|A a highly focused partnership has been working for several years to restore American Oystercatcher populations. Credit: USFWS|
While it shows bird populations declining across several key habitats, the 2014 State of the Birds report finds much success in areas where a strong conservation investment has been made. One of those areas is the Atlantic Flyway, from the Canadian Arctic to the eastern shores of South America. The Atlantic Flyway Shorebird Conservation Business Strategy works to implement conservation for shorebirds across the entire flyway.

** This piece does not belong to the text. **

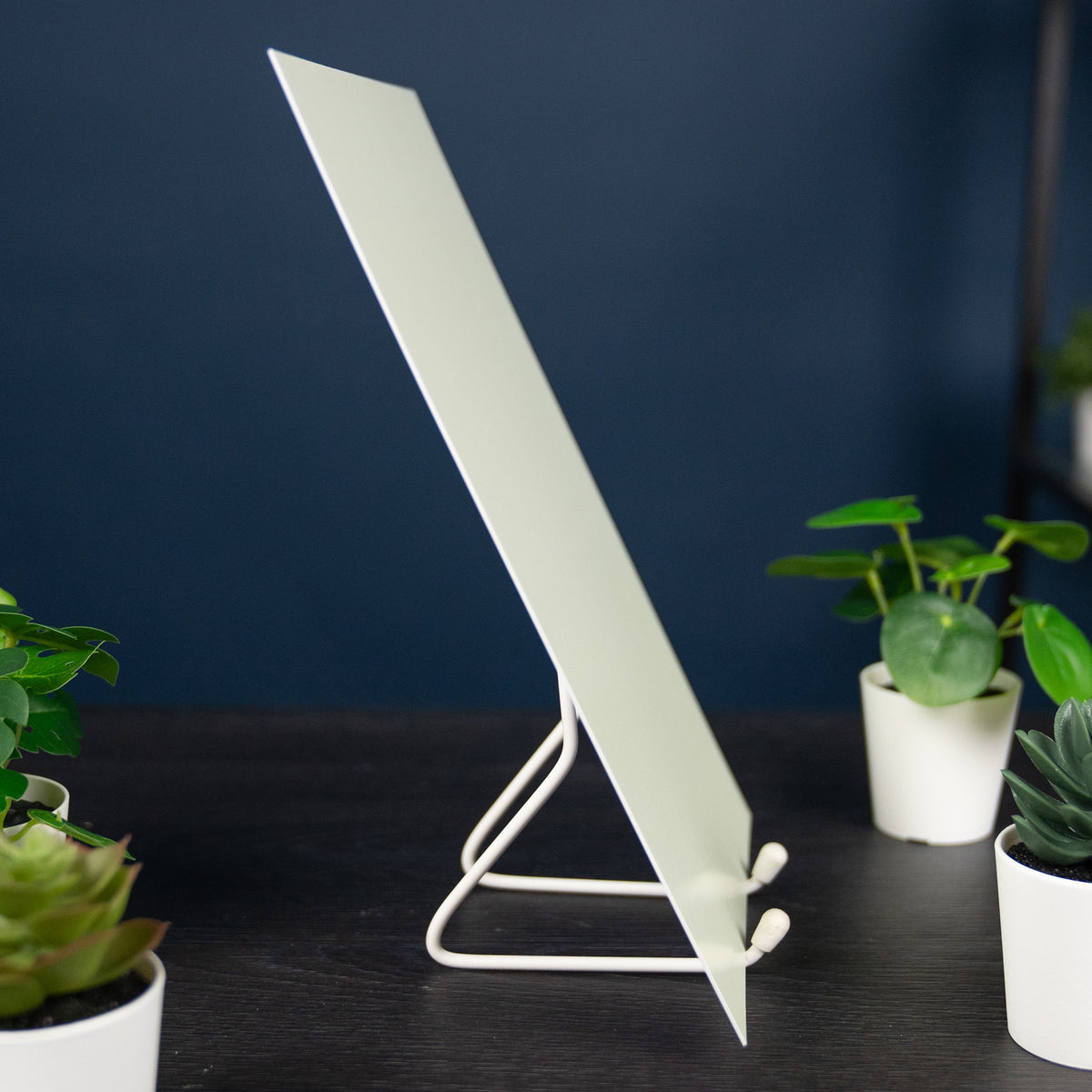Glow Board A5 seen from the side on a wire stand in daylight, pale greenish white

The following story appears in an upcoming issue of Fish & Wildlife News:
Each year, shorebirds undertake some of the longest migrations of any animals on earth, utilizing habitats across a vast area along the way. Within the Atlantic Flyway, many shorebird species breed on the tundra in the Canadian Arctic during summer, then fly south in the fall to winter along the eastern shores of South America. During this international flight, they stop at such critical sites as Delaware Bay and the Caribbean Islands to rest and refuel. Unfortunately, many of these shorebird populations are in trouble.
Atlantic Flyway shorebirds face a variety of human-induced threats at different parts of their journeys, including hunting in the Caribbean, predators that are attracted to the garbage and food found in populated areas, and of course, habitat loss and change throughout the flyway, including the United States.